[THE RECORDS Boundary: Start]
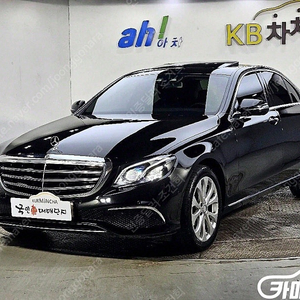 [벤츠]E-클래스 W213 E220d 익스클루시브 ★중고차★중고차매입★전액할부★저신용자★신불자★소액할부★현금★카드 전부 가능합니다!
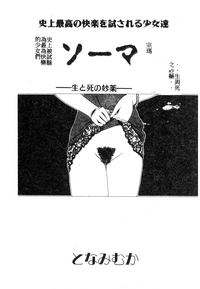第40頁圖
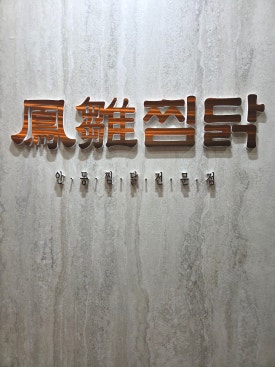 봉추찜닭 양산사송점 이미지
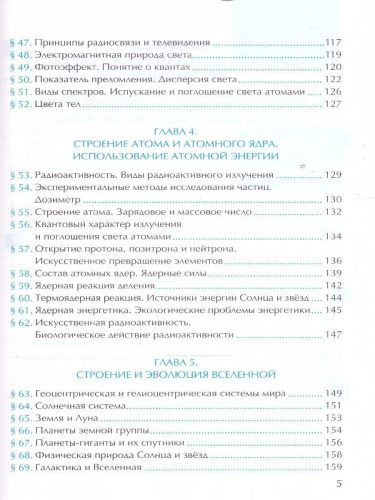 Физика 9 класс. Рабочая тетрадь к учебнику Перышкина. ФГОС. К новому ФПУ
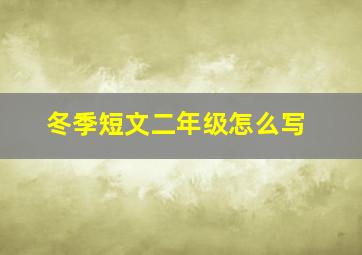 冬季短文二年级怎么写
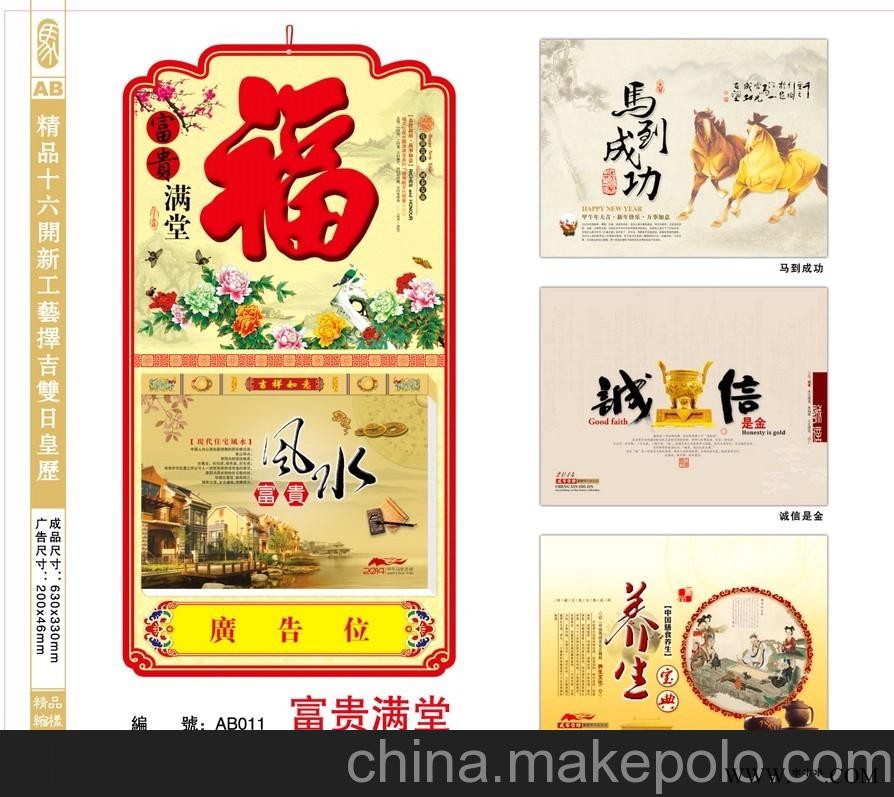 特惠价供应 2014年广告挂历 挂历 高档挂历 免费印制LOGO图2
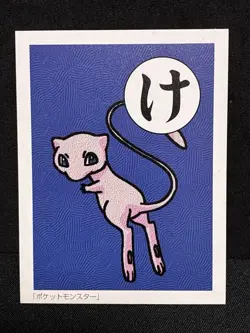 NM Mew Karuta Playing Cards TOMY 1999 Pokemon TCG Card Japanese Vintage - Image 1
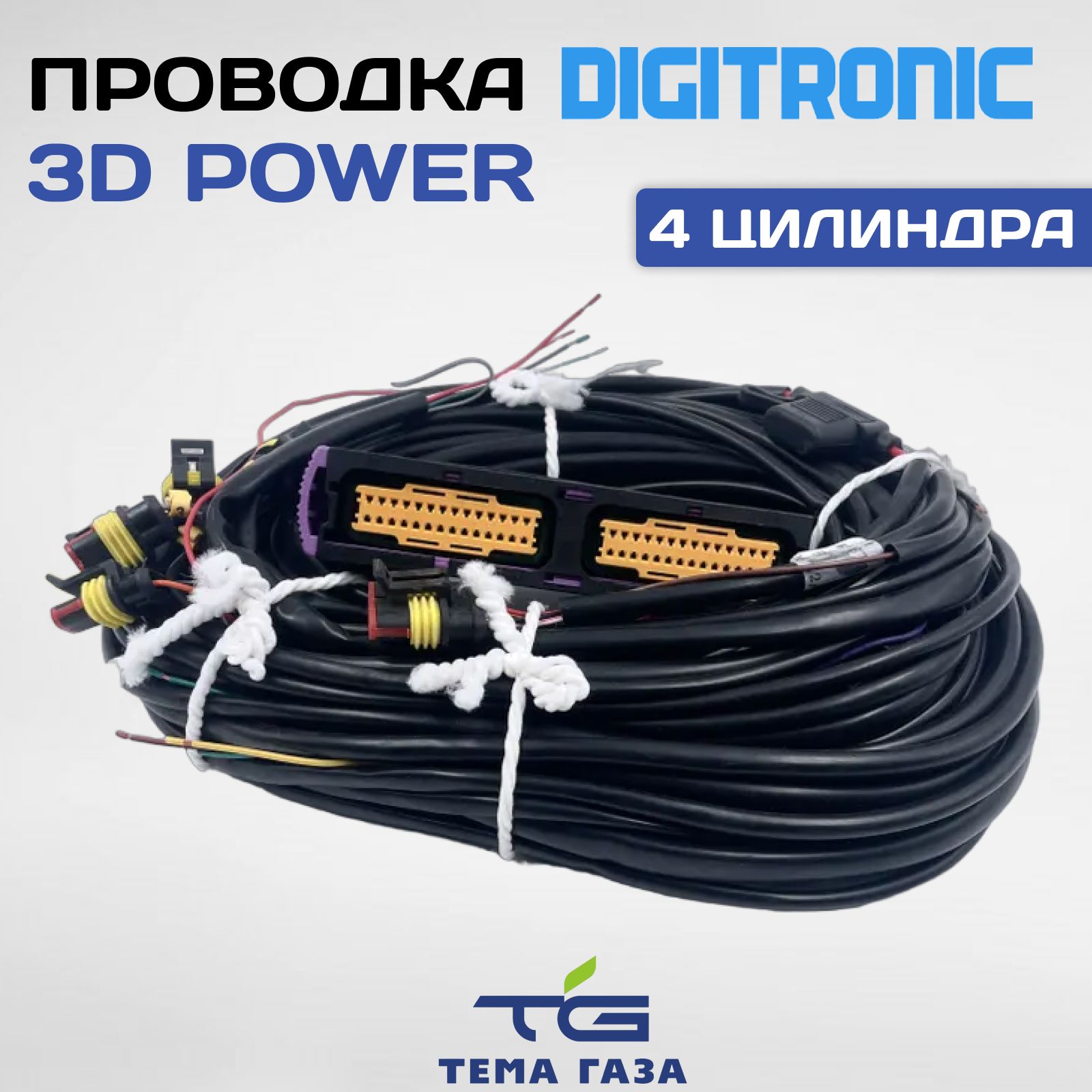 Проводка Digitronic 3D Power 4 цилиндра - Digitronic арт. 0000000266 -  купить по выгодной цене в интернет-магазине OZON (834776337)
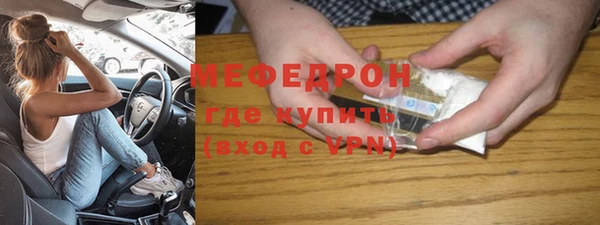 стафф Аркадак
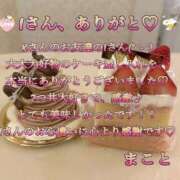 ヒメ日記 2026/04/15 01:07 投稿 まこと 奥様さくら日本橋店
[THE RECORDS Boundary: End]
> _WORK INSTRUCTION_: Each entry needs to be retyped exactly; the pictures stay out.

> _RESPONSE AREA_:
 [벤츠]E-클래스 W213 E220d 익스클루시브 ★중고차★중고차매입★전액할부★저신용자★신불자★소액할부★현금★카드 전부 가능합니다!
第40頁圖
 봉추찜닭 양산사송점 이미지
 Физика 9 класс. Рабочая тетрадь к учебнику Перышкина. ФГОС. К новому ФПУ
 冬季短文二年级怎么写
 特惠价供应 2014年广告挂历 挂历 高档挂历 免费印制LOGO图2
 NM Mew Karuta Playing Cards TOMY 1999 Pokemon TCG Card Japanese Vintage - Image 1
 Проводка Digitronic 3D Power 4 цилиндра - Digitronic арт. 0000000266 -  купить по выгодной цене в интернет-магазине OZON (834776337)
 стафф Аркадак
 ヒメ日記 2026/04/15 01:07 投稿 まこと 奥様さくら日本橋店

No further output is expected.